S’agissant du principe de programmation décennale des investissements, Régions de France considère qu’il s’agit d’une avancée attendue, qui répond à une demande historique et partagée des Régions comme de l’ensemble des parties prenantes du secteur des mobilités. Cette approche de long terme, indispensable pour sécuriser les différents acteurs de l’écosystème dans la durée, constitue un signal positif après plusieurs décennies marquées par un manque de visibilité et de continuité dans les politiques d’investissement. Régions de France soutient pleinement cette démarche de planification, qui traduit un intérêt renouvelé pour le secteur des transports.
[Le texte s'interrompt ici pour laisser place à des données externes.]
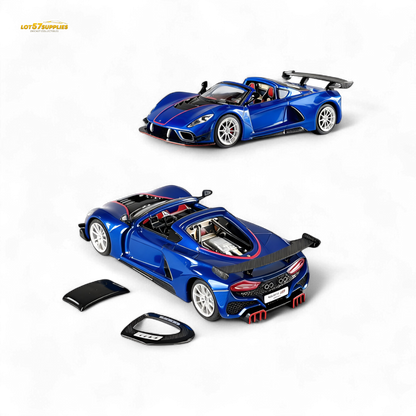 Blue Hennessey Venom F5 diecast model by Rhino Model RM, 1:64 scale, featuring detailed exterior and sleek design.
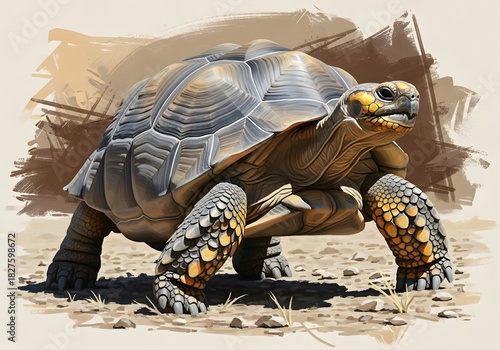 Painted Tortoise Walking on Dusty Ground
Dans cet esprit constructif, les Régions entendent formuler des propositions visant à renforcer et sécuriser le texte, en particulier sur le plan financier. Elles appellent notamment le Gouvernement et le Parlement à inscrire, dès la loi-cadre, le principe d’un fléchage minimal d’une part des recettes issues des concessions autoroutières, estimées à 2,5 milliards d’euros et susceptibles d’être supérieures, vers les SERM (Services express régionaux métropolitains) et les lignes de desserte fine du territoire. Une telle orientation est indispensable pour offrir rapidement de la visibilité aux porteurs de projets et ne saurait être renvoyée à un horizon d’un à deux ans.